Image of aspiring action theorist Michael Skiles is ©2018 MichaelKohlhaas.Org and is mashed up from this lil potato and that other lil taco dorado.
- Not that this is bad. We here at MK.Org are all in favor of more liquor licenses. We’re neutral on the megaplexes, though. We’d all like to see much, much more very, very affordable housing built in ritz neighborhoods like Westwood, like all section 8 all the way. After they do that for a few decades, until the homeless are all housed in places like Westwood, Hancock Park, Bel Air, Pacific Palisades,and so on, we’ll feel more megaplex-positive, there’s no doubt.
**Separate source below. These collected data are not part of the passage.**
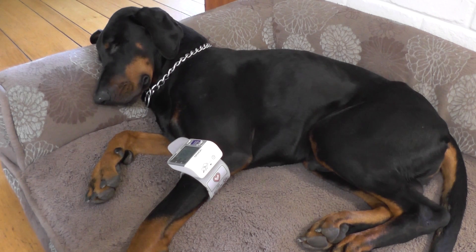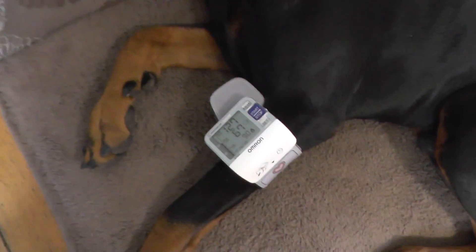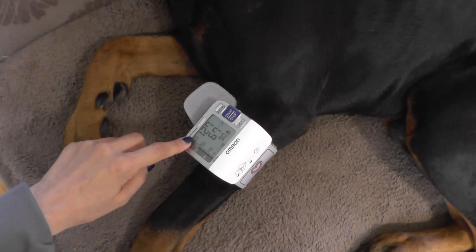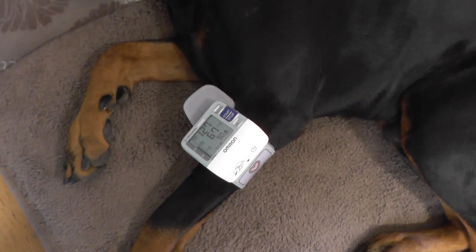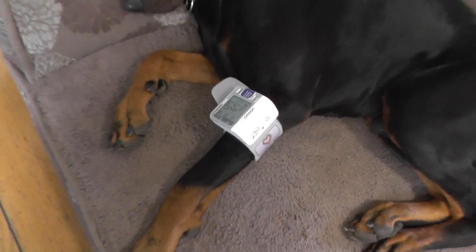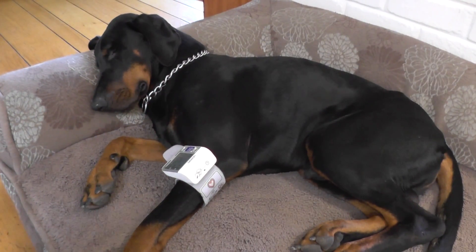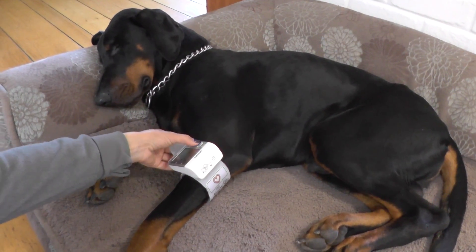I usually take about a dozen tests within a 10-minute period and average the number. Right now you can see he has 127, which is the systolic number and it's a bit high for him. I was measuring it about half an hour ago before I started filming, and his blood pressure was around 110, which is normal.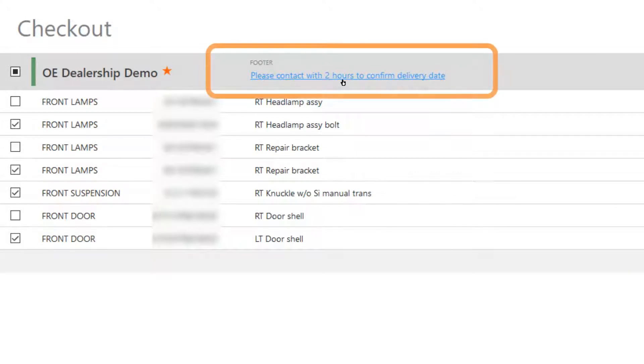Use the footer section for questions you may have. If you are using CCC1 estimating, you can also provide the correct job number by using the footer section.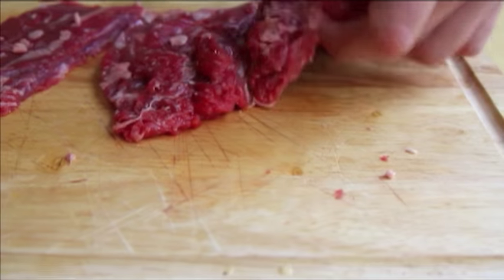Next, align the beef so that the grain is parallel with your knife blade and cut the steak into strips about 2 to 3 inches wide.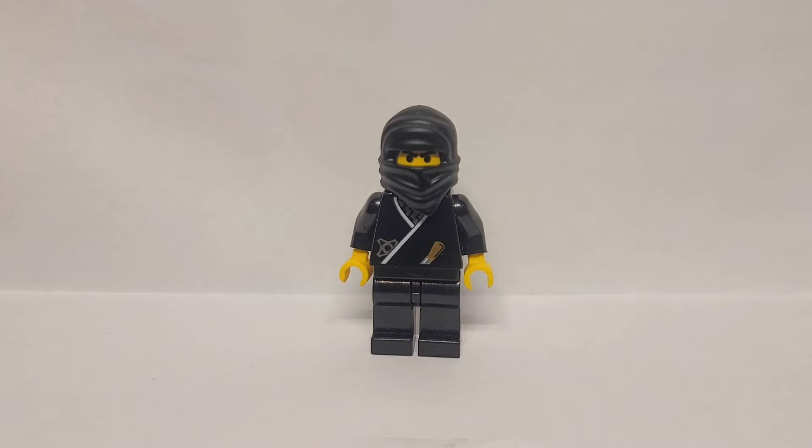Hey y'all, welcome to another minifigure review with Crisis Monday. Today we're going to be reviewing Ninja Black. This is from the Ninja series, not Ninjago — the Ninja series from, I believe, the 1990s or 80s from Lego.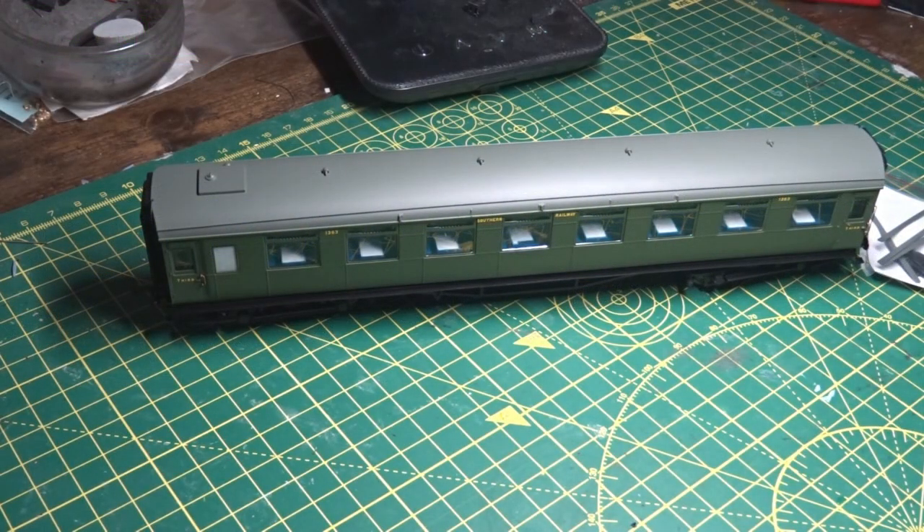Hello all, Matt here from the Bluebell Model Railway channel, here with a model review of another carriage.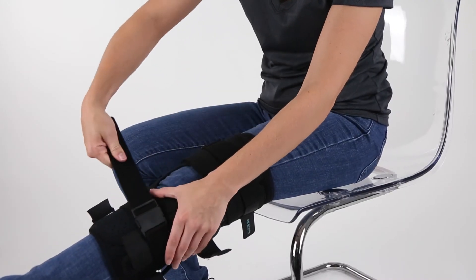This brace integrates easy clip-on buckles and trimmable velcro straps for the perfect fit, to help users progress through injury recovery or post-surgery rehabilitation.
- For a hint of this you can read Thomas’s first response and his second response to my requests. It’s obvious to people who’ve dealt with her that that second response, and probably the first as well, was written by the infamous Carol Humiston of famous-in-Burbank law firm Bradley & Gmelich. Carol Humiston represents BIDs against me all over the City. She thinks she’s good at it for reasons I don’t have time to go into here, but she’s badly wrong about that, which you’ll learn more about here on the blog eventually. In any case, I have it on good authority that she was a psychopathic pit bull in a former life, the kind who bites and won’t let go and won’t let go and won’t let go and, even after its head is cut off, still won’t let go and then its still-biting corpse has to be surgically removed. And since she passed the bar she’s only gotten even more aggressive. That kind of determination may seem admirable in some kind of abstract sense, but in a lawyer it can be problematic, especially if she doesn’t have very good instincts about whom to sink her teeth into.
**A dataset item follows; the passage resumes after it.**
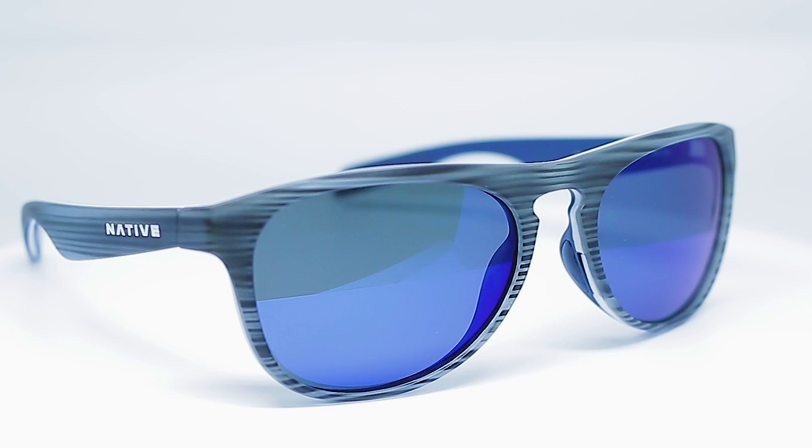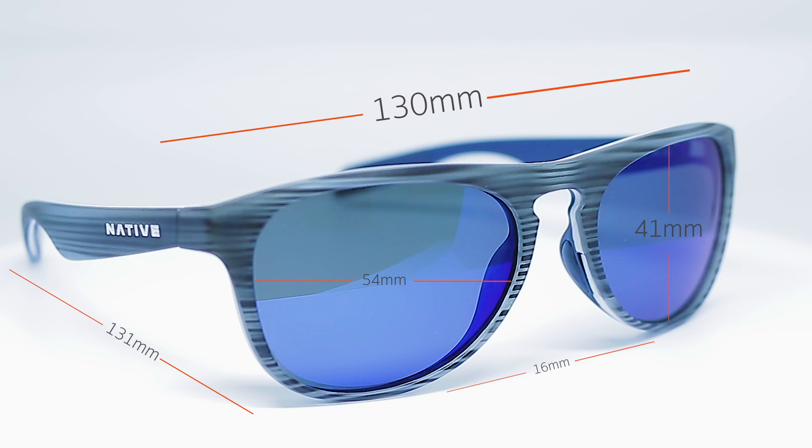Would you like to know the size of the glasses? It's a medium fit. The width of the lens, the A size, is 54 millimeters. The height of the lens is 41 millimeters. The nose bridge area is 16 millimeters. The temple length is 131 millimeters. And the temple to temple is 130 millimeters, which is perfect — about the perfect medium fit.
There were actually 4 business seats on the old Westwood Neighborhood Council, so even the increased tally of 2 seats in the new North Westwood Neighborhood Council is actually a decrease in business representation. Doesn’t really make sense with your narrative, which would suggest that the improvement association ought to have opposed the subdivision to maintain all 4 seats.
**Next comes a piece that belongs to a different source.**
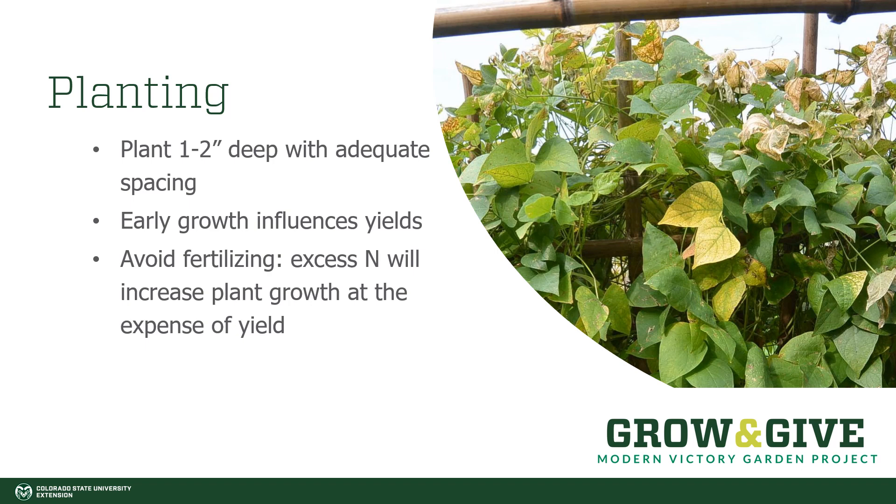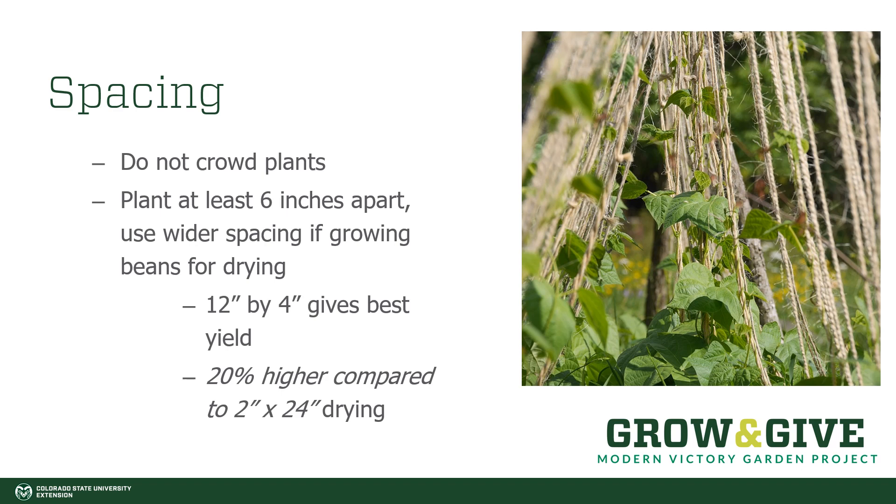A little bit of fertilizer may be okay, but with beans it is often not necessary. There are a few varieties of beans that are not able to fix their own nitrogen, but the vast majority can make enough nitrogen for their own purposes. Extra nitrogen is just going to cause green leafy growth instead of putting energy into production of fruit. Make sure not to crowd your plants. If you did accidentally plant them crowded, thin them once the seedlings come up — usually at least six inches apart. Wider spacing is good if you're growing your beans for drying; 12 inches by 4 inches gives you the best yield. If you're planning on having dry beans instead of fresh beans, giving them a little bit of extra spacing is going to give you a lot better product.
I don’t know if you’re being serious or not since your argument makes no sense at all. In case you are, though, I’ll answer.
Consider the fact that even four votes can’t carry a motion, but having a new NC that’s formed specifically for the purpose of approving more development and more liquor licenses and more liberal CUPs is worth far, far more than a minority of board votes, whether a bigger minority or a smaller minority. Obviously the subdivision was worth more to the zillionaires than even having any votes. I bet they’d have supported it with no business votes. Also, you’re fixated on the absolute number of votes when clearly it’s the relative number that’s important. Do you have the figures? If not, why not?
Anyway, if you’re actually interested, maybe read the post again. It’s not at all about the BID supporting the subdivision because they got another vote. It is actually about the fact that the BID prevailed on Skiles to alter the bylaws, not about how they altered them.